Munro: No. On no myth. Attributable to this I under no conditions idea I modified into the Dim Hood. I had my inkling, primarily based on who they employed to be the Dim Hood at some level of these scenes and his physicality. If I stood next to the Dim Hood, he modified into about four inches shorter than me.
MTV Data: What did you suspect of his motivation? On myth of he tells Betty and Alice that he desires to rid the metropolis of sin, but it be easy somewhat imprecise. And then there’s the fact that he mentally tortured Betty for whole episodes!
Munro: I grasp to get that more. I under no conditions performed Hal as the Dim Hood, so for Episode 21 I had to rapidly give you a backstory so as to pick out up contained within the thoughts of somebody who would enact that. So I in truth produce no longer know. That goes to be a onerous one for me because of I in any respect times performed him fancy he loved his youth loads, but he valid went about issues the nasty manner. So his mind will grasp to be very messed up and scrambled from all of that manipulation as a younger boy. Whoever raised him, whether it modified into valid his mom or it modified into a community of of us that raised him to evaluate he needed to purge the metropolis of sin, I grasp yet to get that out. That will doubtless be one thing we stumble on within the 1/three season, I assume.

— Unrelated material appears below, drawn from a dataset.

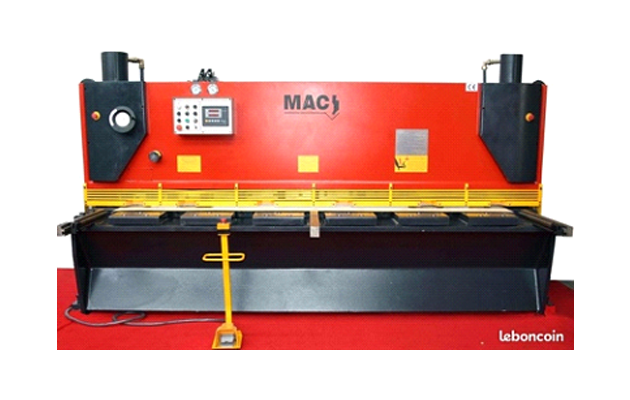 distribution machine Mac  près de Clermont-Ferrand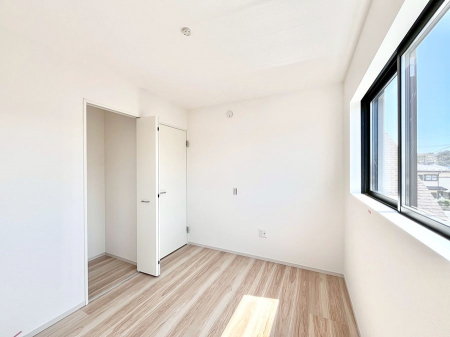 �Q���@�����`Bed Room�`�@�������������̂��ˌ��Ẵ����b�g�ł��B���Ƒ������������ƂŎ苷�Ɋ����Ă����Z�܂����ˌ��Ăł͊e�����v���C�o�V�[��ۂ��Ƃ��ł��܂��B�Z�܂��ɂ�Ƃ肪���܂�S�������b�N�X�ł��܂���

MTV Data: The finest villains are the ones who trust that they’re the heroes, and besides you would per chance construct a case for Hal believing that he modified into the hero of his own legend, saving the metropolis from sin.
Munro: It can were more animated to per chance be more of a vigilante serial killer. I produce no longer judge purging the metropolis of sin implies that it be vital to exit and abolish a girl in a university play valid because of she does Jingle Jangle.
MTV Data: Or shoot Fred Andrews, your neighbor.
Munro: Factual? It’s animated to me to contemplate how Hal created Hal Cooper. He obviously created that character to pick out up thru his life, and to evaluate that Alice did no longer know and all of these of us that had been shut to him had no belief. It’s unheard of.
MTV Data: I am surely mad to survey what occurs to the Cooper family from right here due to expose has slowly chipped away at their image-supreme facade. First Polly left, then Sublime modified into out to be an imposter, and now Hal is the Dim Hood. I am strange to survey Alice and Betty work thru all of these demons.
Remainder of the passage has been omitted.